I have a function to which I pass a double**, which I then swap with another double** in this function, however it seems there are some complications.

inside main I pass this as an argument to a function (declared outside main):

main{

double** B = allocDouble(x,y);

function(double** B){

static double** tmp = allocDouble(x,y);
std::swap(B,tmp);
fprintf(stderr,"B: %p\n",B); // one address

}

fprintf(stderr,"B: %p\n",B); // another adress

}

Then when I print the address of B via fprintf(stderr,"B: %p\n",B), inside the function, I do not get the same address as outside the function. Where I instead get the address of tmp.


So it seems there is an issue with B inside the function, being a copy of B outside the function or in the main.

So why is this? And what can I do about it, so it is the actual B that is changed?

Then when I print the address of B

No, you print the value of B.

Swap does not change the pointed-to values of B and tmp. It swaps their values; the values of the copy of B inside your function.

Hi and thanks for you reply!

How do I then swap the value of not the copy of B, but the actual B outside my function.

And when I print either B or tmp I get something like:

0x1cf18e40

How is that not the address of B or tmp?

How do I then swap the value of not the copy of B, but the actual B outside my function.

Pass B by reference.

function(double** B)

becomes function(double** & B)

Hi and once thanks! :)

Yes I also kind of thought about doing that.

It is correctly understood that:

If you just want to manipulate values of pointer - matrix entries just pass pointer, but if you want to manipulate pointer itself, pass reference - like when swapping.

And also how would I declare B, so that it is a reference?
Because if I pass B to the function with double** & B, I get an error.

And also how would I declare B, so that it is a reference?

Nothing else should need to be changed, apart from the function header.

Hi,

Thanks a lot, it seems to make it work.

So is this good C++ programming practice or something that should be avoided?

And if the other pointer you swap B with is static, the other pointer should keep its newly assigned address right?

So is this good C++ programming practice or something that should be avoided?

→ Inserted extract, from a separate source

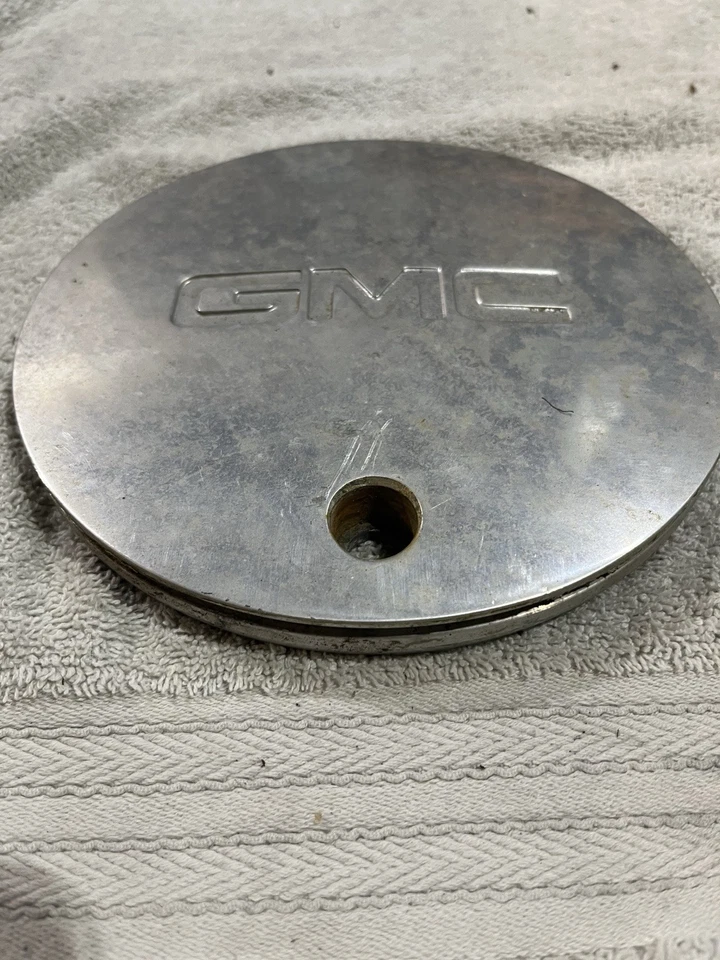 GMC Syclone/Typhoon 1991-92 tapa central de rueda A-PAS-15193 Foto 1 de 3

Hard to say. It seemed like this was just an example for learning purposes. Learning how things work is good.

And if the other pointer you swap B with is static, the other pointer should keep its newly assigned address right?

I'm not quite clear on the question here. Perhaps you could show some actual code to clarify what you mean. (you might also test it yourself to see if it behaves as expected).

Well it would look like this:

main{

double** B = allocDouble(x,y);

function(double** & B){

static double** tmp = allocDouble(x,y);
std::swap(B,tmp);

}

}

And then tmp should keep its new address right?

Roughly speaking yes. tmp will retain its value from one function call to the next.

However, these code samples don't compile, so the whole discussion feels very abstract. Trying to understand the C++ language while looking at invalid code doesn't seem a very sound plan to me. I suggest actually trying to compile and run some examples, and examine the contents of different variables (using a debugger is a good idea) during execution of the code.